I never had much of a problem with SA when it came to interviews. I didn't mind some one sitting down with me and asking me questions. Sort of reminds me of my High School guidance counselor. I do have a bit of a phobia of talking on phones, so I hated having to sit around just waiting for it to ring. 
I never lied on any resume.
I quit one part time job I had 2 years ago working as a stocker in a liquor store. I took the job because I wanted to see some extra cash, and it was convenient, but it interfered with my down time. I would literally have to get home from work, throw on my other clothes, and go to my other job. Then I spent 5 hours lugging boxes of booze around and putting them on shelves. I never got to see my Mom, and I would get home around 9:00. I got to work out, and I lost some weight, but it just wasn't worth it. The main reason I quit though, was because they were moving us to a different location that was way out of the way. I knew my nerves wouldn't be able to take driving on the highway , and driving home at night while exhausted. I quit after 3 days, and cried on the way home. I don't think I was ever even paid, and I was too ashamed to go over and confront them about it. I wouldn't let that happen now, but I was 21, and still very timid. I probably should have stuck it out, but I probably would have died of a heart attack by now. Oh, and I quit my first job, (which was almost over anyway as it was a Summer thing) because there were some people giving my orders with some weird accent that I couldn't understand half of the time.
Crap, I didn't know this would be such a long post. Sorry...


----------



## Boby89 (Nov 28, 2015)

*How long have you been unemployed?

*3 months.

*How much luck have you had? E.g Getting job interviews/call backs?

*None, it will make sense in my next answer.

*Honestly, how hard have you really been looking for a job?

*To be honest I barely looked for a new job. I have my CV on some of those job related websites but that's about it, in fact I just delete their spam mail with totally unrelated jobs.
I'm not really searching because my plans were to finish my university studies, but that's not going well, I'm too depressed to do anything.
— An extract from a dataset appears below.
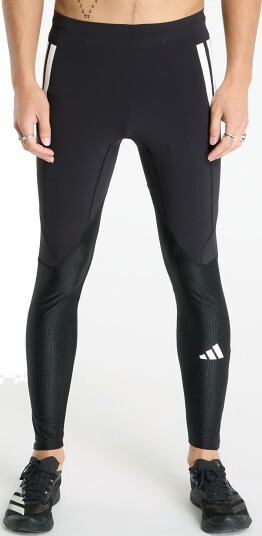 adidas Adizero Tights Sort S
*What is the main thing stopping you from getting a job? E.g lack of experience, confidence etc.
*
I usually excel in everything if given the chance and motivation, but no employer will believe that obviously. So basically I have no experience, no finished studies and on top of that I have to deal with crap like depression and SA.
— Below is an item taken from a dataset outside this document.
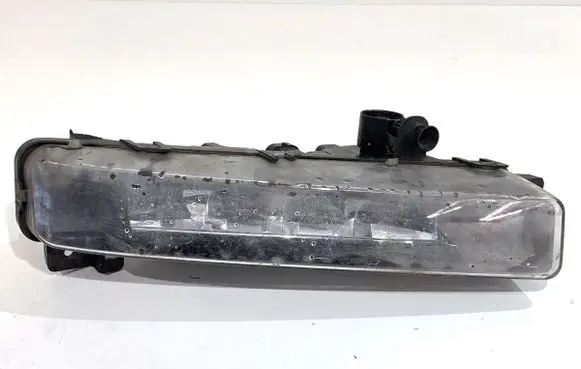 BMW 5 G30 G31 G38 LED Daytime headlight 9477171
*How much has your SA affected you getting a job?

*It affected me a lot as well. The interviews are incredible scary for me.
Also from my last work place I learned that job related skills alone wont take you anywhere unless you have social skills as well. Everyone in the company will favor their friends or the people they know, if you are quiet dude that doesn't talk you will be last for everything.

*Would you lie on your CV/Resume?
*
Nope.

*Have you turned down a job, or job interview because of your SA or it wasn't right?

*Nope.


----------



## Skeletra (Aug 30, 2012)

I'm no longer unemployed, but I hope it's ok I reply considering how much it in paced me and how I'm still applying..
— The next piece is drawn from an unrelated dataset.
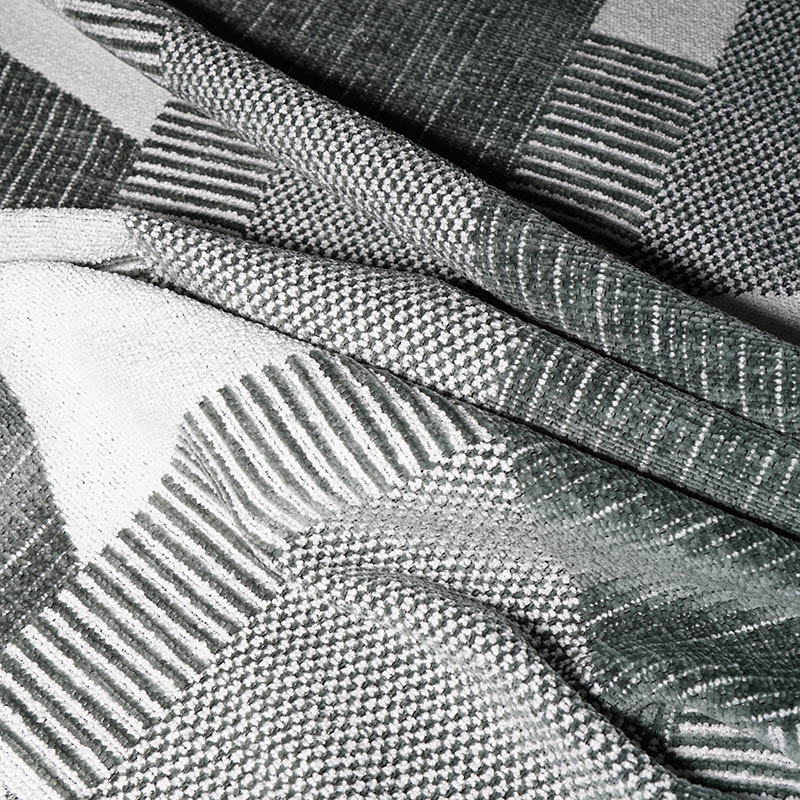 Q62 Marit Jacquard 직물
Q: How long have you been unemployed?
A: I was unemployed for 3 years. I have had a job for 1 year now.

Q: How much luck have you had? E.g Getting job interviews/call backs?
A: I did get a few interviews.. Maybe like 10-ish? The rest were rejections.

Q: Honestly, how hard have you *really* been looking for a job?
A: Year one, I did one application per month, minimum and only spendt like 4 hours a day looking for jobs. Year two I up it to 15 hours a day, spend some nights up even and applied for anything I could possibly get. I also joined 4 employment agencies. 3 of which specified for my highest education. The last year I looked for jobs every 10 minutes, I stayed up many nights perfectioning my applications thinking they weren't good enough. I rewrote my entire cv once a week thinking I'd get it right next time. I applied for everything that didn't require drivers licenses or higher education, I also sendt open applications when I felt like I hadn't applied for enough jobs.
Now I check the job sites twice a day, but there hasn't been that many jobs to apply for. From next year, I'll send open applications once a month.

Q: What is the main thing stopping you from getting a job? E.g lack of experience, confidence etc.
A: lack of experience seems to be the most popular reason.

Q: How much has your SA affected you getting a job?
A: Not that much acctually. Though it did sort of spiral out of control there for a while.

Q: Would you lie on your CV/Resume?
A: Maybe bend the truth a little, yeah. That's how I got my current job. I try not to though, since they run background checks now.

Q: Have you turned down a job, or job interview because of your SA or it wasn't right?
A: Nope. Not for SA. I turned down a cleaning lady job during my first year, but only because the councelor told me not to apply for something I wouldn't enjoy.. And he saw it on my face that I wasn't thrilled enough.


----------



## inane (Oct 21, 2013)

*How long have you been unemployed?

*Three months.
*
How much luck have you had? E.g Getting job interviews/call backs?*

Good, I've had 12 interviews in two months of searching, all within my field and desired salary.

*Honestly, how hard have you really been looking for a job?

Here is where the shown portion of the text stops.